A warm winter in Siberia

Winter comes to southern Siberia - but will it last?
The weirdest winter for decades takes a cold turn but milder weather is on the way again.



6 January, 2014


Whether the weather be fine... Russian photographer took this stunning images on a unique never-freezing Svetloe lake in Altai region in southern SIberia. Picture: Alexander Tyryshkin

Even in more northerly towns and cities, seasonal temperatures are significantly above average, though Yakutsk and Norilsk were well below minus 40C at the weekend. Northerly latitudes plummeted as low as minus 55C, it was reported.

This is what locals expect, but there has been a shortage of such cold this winter. The unusually mild temperatures in Siberia's main population belt took a sudden dive, too, with a 20C to 25C drop in many places, but it is not forecast to stay cold.

Tomsk - where locals recently paraded in swim wear to mock the 'warm' weather - was forecast to drop to minus 42C on Monday. Siberia's largest city Novosibirsk was at minus 28C on Sunday evening. Irkutsk dropped to minus 33C yet the ice on nearby Lake Baikal is not as solid as usual.

A Lada Niva vehicle fell through the ice on Saturday. One man escaped as it sank but two more were missing presumed drowned in the Severo-Baikalsky district of Buryatia. Locals say it is safe to drive cars over the world's oldest and deepest lake if the thickness of the ice is 30cm or more.

'Temperatures will be as low as minus 52C on the Taymyr peninsula, minus 50C in the Turukhansk district and down to minus 55C in Evenkia, a vast Siberian region in the Krasnoyarsk Territory,' explained Itar-Tass news agency based on information from the Hydrometeorological Federal Sevice of Russia.

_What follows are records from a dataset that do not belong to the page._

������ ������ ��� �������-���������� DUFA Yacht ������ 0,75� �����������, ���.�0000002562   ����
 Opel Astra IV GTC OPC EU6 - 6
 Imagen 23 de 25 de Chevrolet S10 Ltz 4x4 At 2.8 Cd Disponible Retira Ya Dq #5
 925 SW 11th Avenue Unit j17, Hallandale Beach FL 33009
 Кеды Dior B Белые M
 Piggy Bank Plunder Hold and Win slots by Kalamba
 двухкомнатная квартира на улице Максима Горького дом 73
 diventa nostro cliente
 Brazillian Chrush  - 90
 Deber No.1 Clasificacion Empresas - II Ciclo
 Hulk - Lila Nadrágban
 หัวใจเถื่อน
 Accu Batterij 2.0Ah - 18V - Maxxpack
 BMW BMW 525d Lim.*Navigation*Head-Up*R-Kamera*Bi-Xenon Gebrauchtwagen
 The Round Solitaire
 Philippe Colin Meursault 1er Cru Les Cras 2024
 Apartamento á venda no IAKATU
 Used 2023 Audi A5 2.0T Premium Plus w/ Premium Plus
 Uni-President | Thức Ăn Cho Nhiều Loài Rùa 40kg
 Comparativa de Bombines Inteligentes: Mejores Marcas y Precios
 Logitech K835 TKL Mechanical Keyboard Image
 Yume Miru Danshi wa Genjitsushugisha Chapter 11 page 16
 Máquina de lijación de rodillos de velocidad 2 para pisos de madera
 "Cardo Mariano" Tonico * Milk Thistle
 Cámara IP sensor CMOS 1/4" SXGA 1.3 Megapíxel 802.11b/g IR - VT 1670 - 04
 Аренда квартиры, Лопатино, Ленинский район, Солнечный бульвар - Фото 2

Further south, the mountainous Altai Republic reached minus 28C. Yet a winter which has seen a distinct dearth of snow, with winter in Krasnoyarsk resembling a mild autumn, and the Ob River in December looking as if spring had arrived with ice flowing rapidly downstream, is poised for more surprises.

Forecasters suggest daytime temperatures in Irkutsk will be only minus 6C early next week, with Krasnoyarsk expected to be at minus 1C, and Novosibirsk and Tomsk at minus 3C. Norilsk's cold blast could ease to minus 14C while Yakutsk - the world's coldest city - is due to remain below minus 40C for the next week.



Meanwhile in Sochi where the Winter Olympics are to be held, temperatures are between 8 and 12C. They might need to import the snow!